=== What you are asked to do ===
Leave every picture out. Set down all the lines below exactly.

=== Dataset excerpt ===
::::

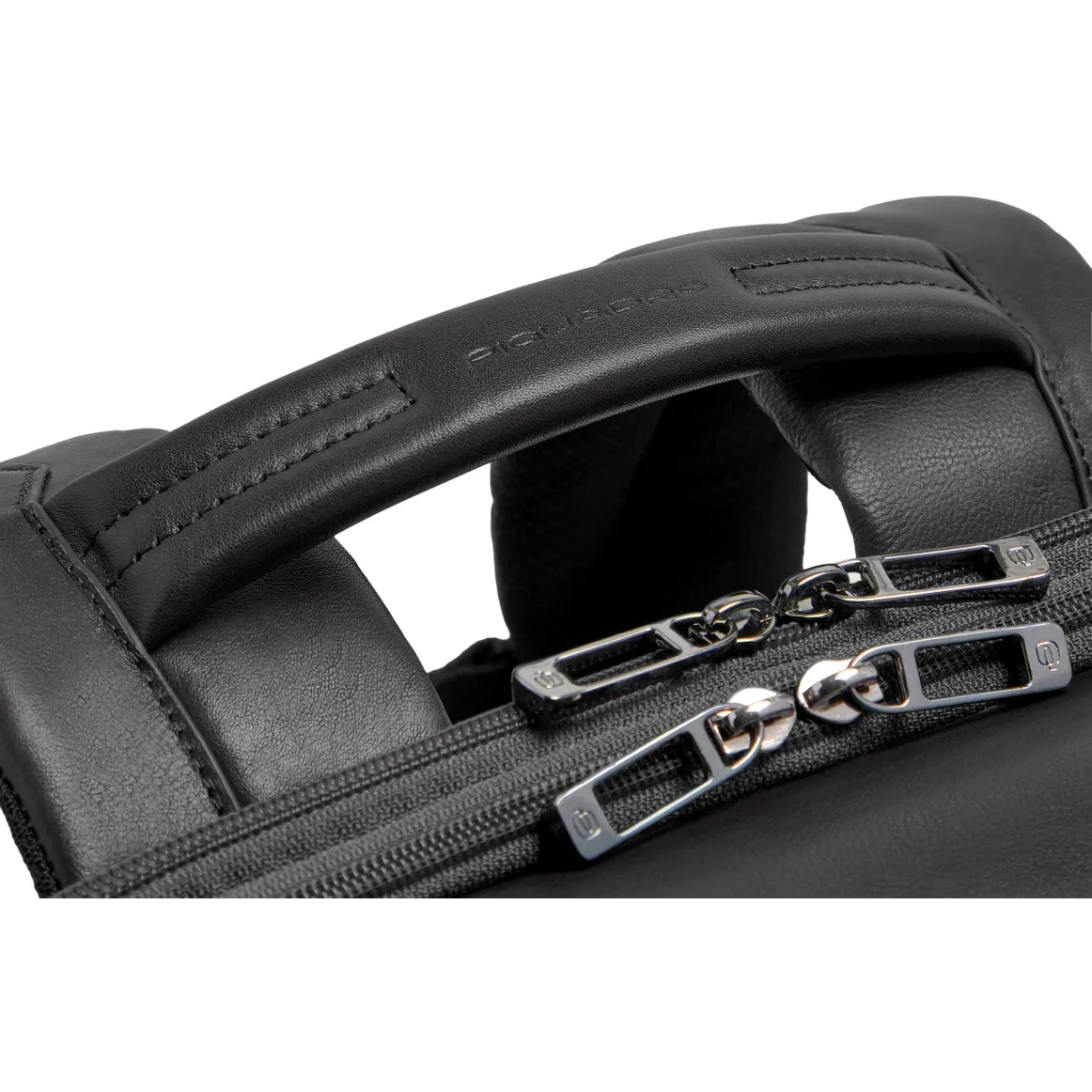Рюкзак для ноутбука Piquadro Two-Compartment Leather 15.6" Black (CA7181W143/N) - фото 6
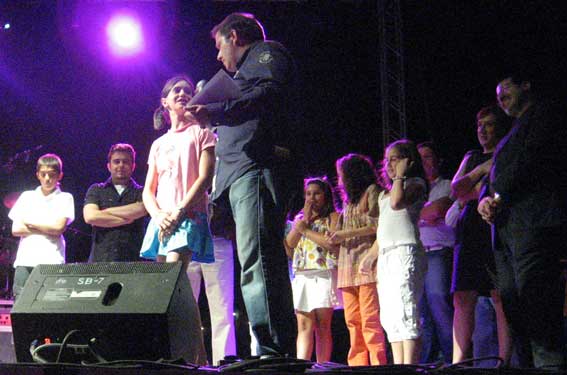 El presentador entrevistó a la ganadora de 2008, Noemi López Moya, que también ha participado en la edición de este año en las canciones conjuntas y con interpretaciones especiales 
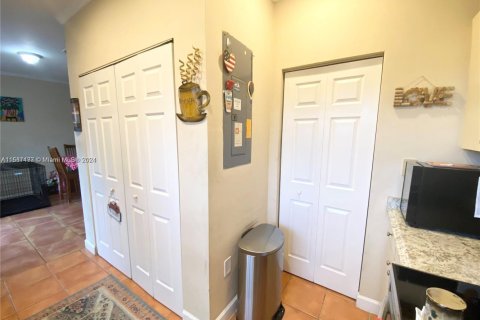 Casa en venta en Homestead, Florida, 3 dormitorios, 150.87 m2 № 1764745 - foto 11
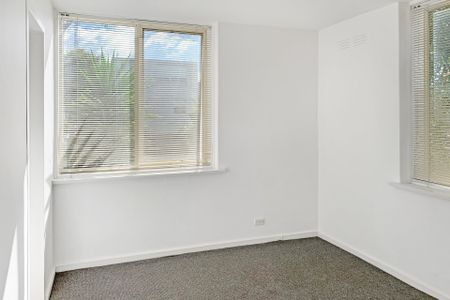 Wonderful views with light filled interior - Photo 5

::::

=== Answer box ===
Рюкзак для ноутбука Piquadro Two-Compartment Leather 15.6" Black (CA7181W143/N) - фото 6
 El presentador entrevistó a la ganadora de 2008, Noemi López Moya, que también ha participado en la edición de este año en las canciones conjuntas y con interpretaciones especiales 
 Casa en venta en Homestead, Florida, 3 dormitorios, 150.87 m2 № 1764745 - foto 11
 Wonderful views with light filled interior - Photo 5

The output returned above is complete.